** WORK TASK **
Go to the line containing "Collapsible Noodle Bowl" in the material below. From there to the end, retype every line exactly and drop the pictures.

** PROVIDED INFORMATION **
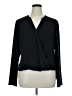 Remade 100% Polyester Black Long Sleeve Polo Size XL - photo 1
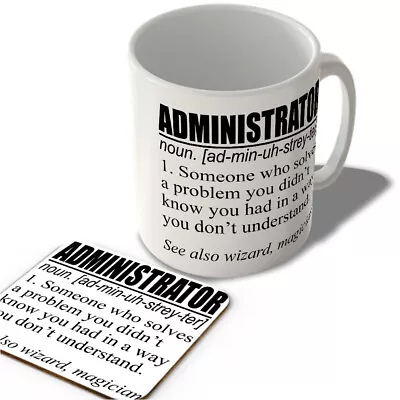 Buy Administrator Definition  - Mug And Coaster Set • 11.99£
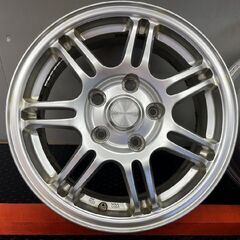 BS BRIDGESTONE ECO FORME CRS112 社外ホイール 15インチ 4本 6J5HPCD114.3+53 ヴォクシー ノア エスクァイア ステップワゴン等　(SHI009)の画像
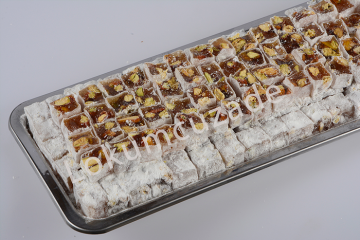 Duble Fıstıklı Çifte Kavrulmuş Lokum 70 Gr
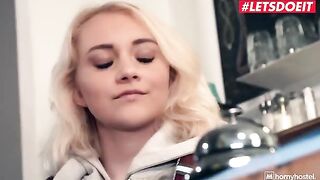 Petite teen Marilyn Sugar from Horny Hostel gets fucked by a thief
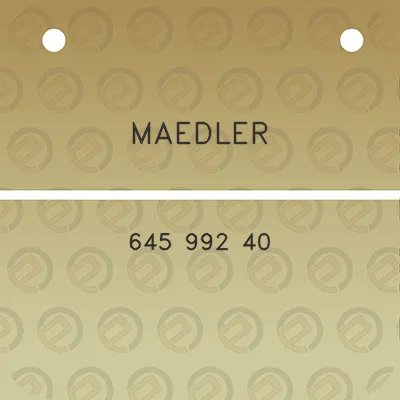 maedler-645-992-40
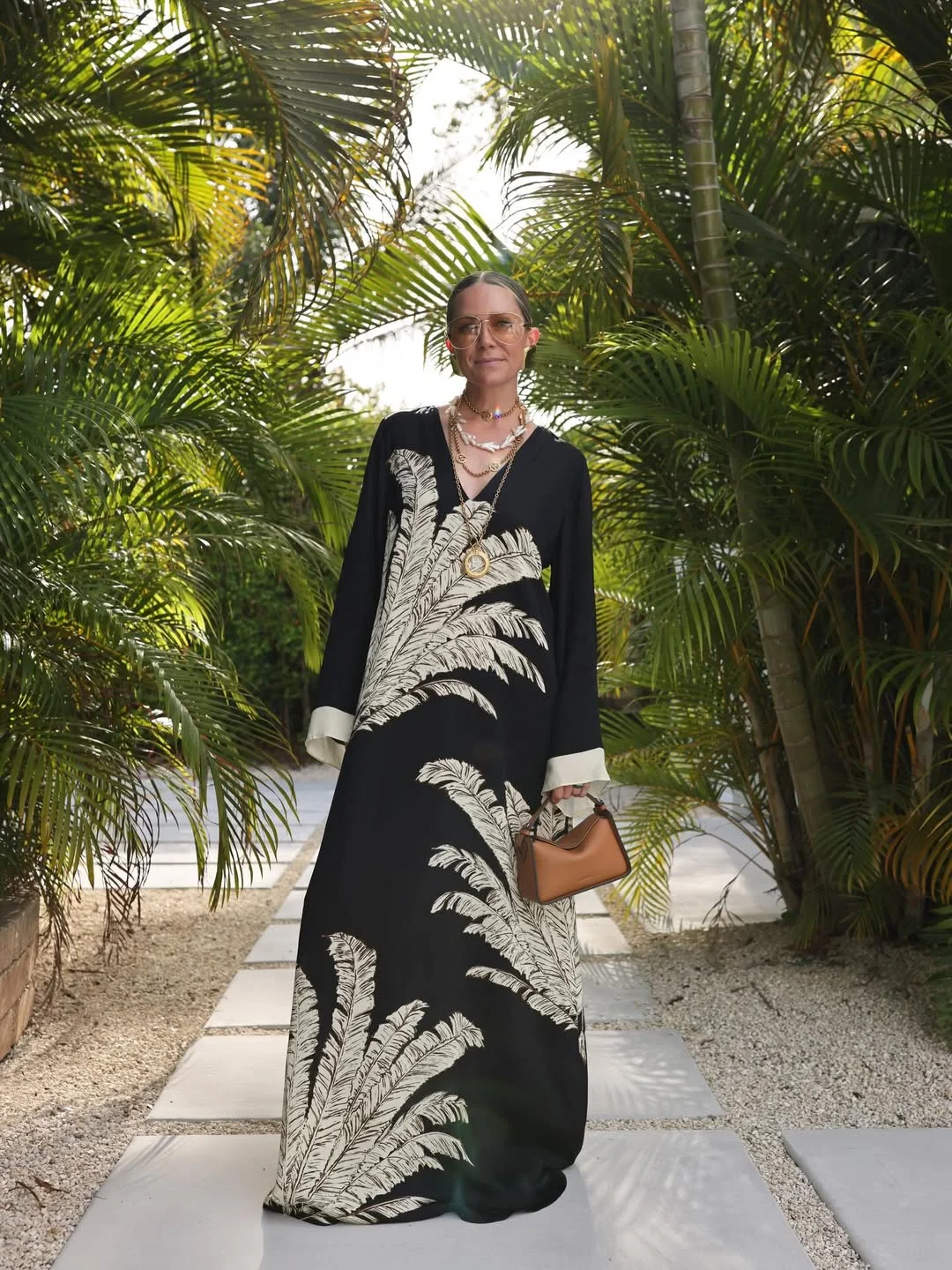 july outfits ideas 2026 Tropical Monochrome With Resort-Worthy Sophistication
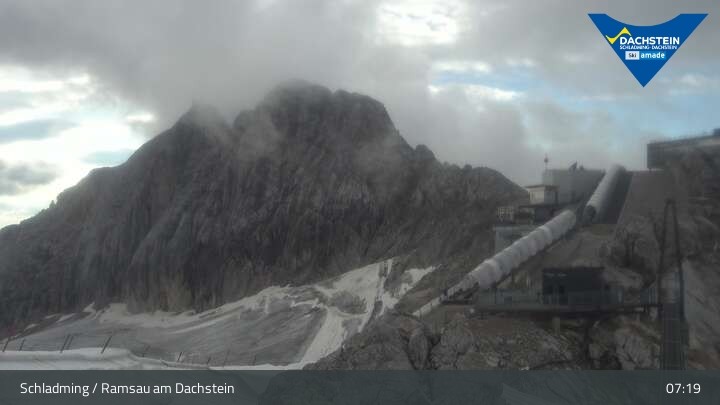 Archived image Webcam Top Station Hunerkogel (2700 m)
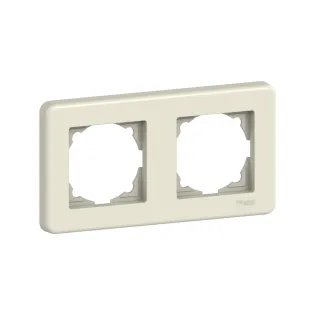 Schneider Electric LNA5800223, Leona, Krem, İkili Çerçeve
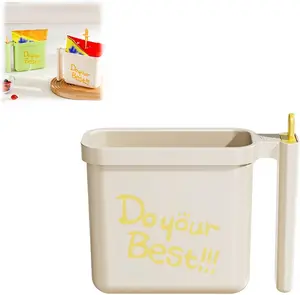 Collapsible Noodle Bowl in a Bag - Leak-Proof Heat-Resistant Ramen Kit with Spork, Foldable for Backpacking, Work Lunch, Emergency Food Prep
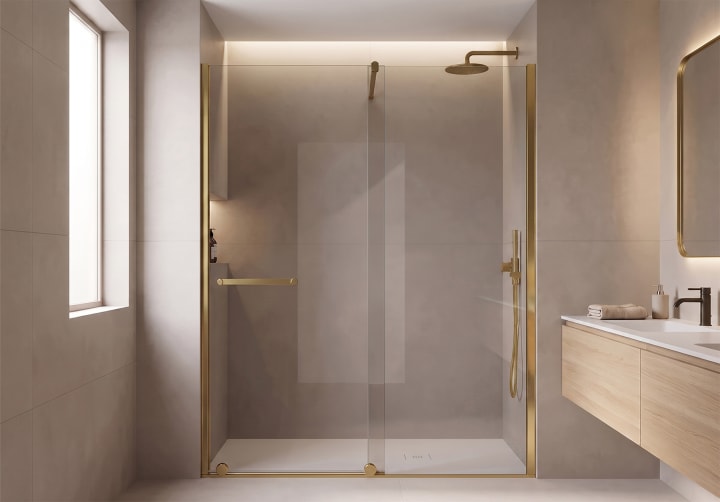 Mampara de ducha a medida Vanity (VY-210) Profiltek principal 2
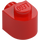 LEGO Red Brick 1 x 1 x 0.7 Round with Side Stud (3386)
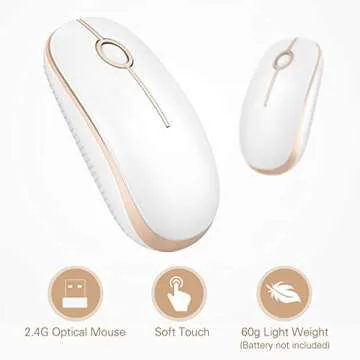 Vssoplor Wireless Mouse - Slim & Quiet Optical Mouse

** RESPONSE AREA **
 Collapsible Noodle Bowl in a Bag - Leak-Proof Heat-Resistant Ramen Kit with Spork, Foldable for Backpacking, Work Lunch, Emergency Food Prep
 Mampara de ducha a medida Vanity (VY-210) Profiltek principal 2
 LEGO Red Brick 1 x 1 x 0.7 Round with Side Stud (3386)
 Vssoplor Wireless Mouse - Slim & Quiet Optical Mouse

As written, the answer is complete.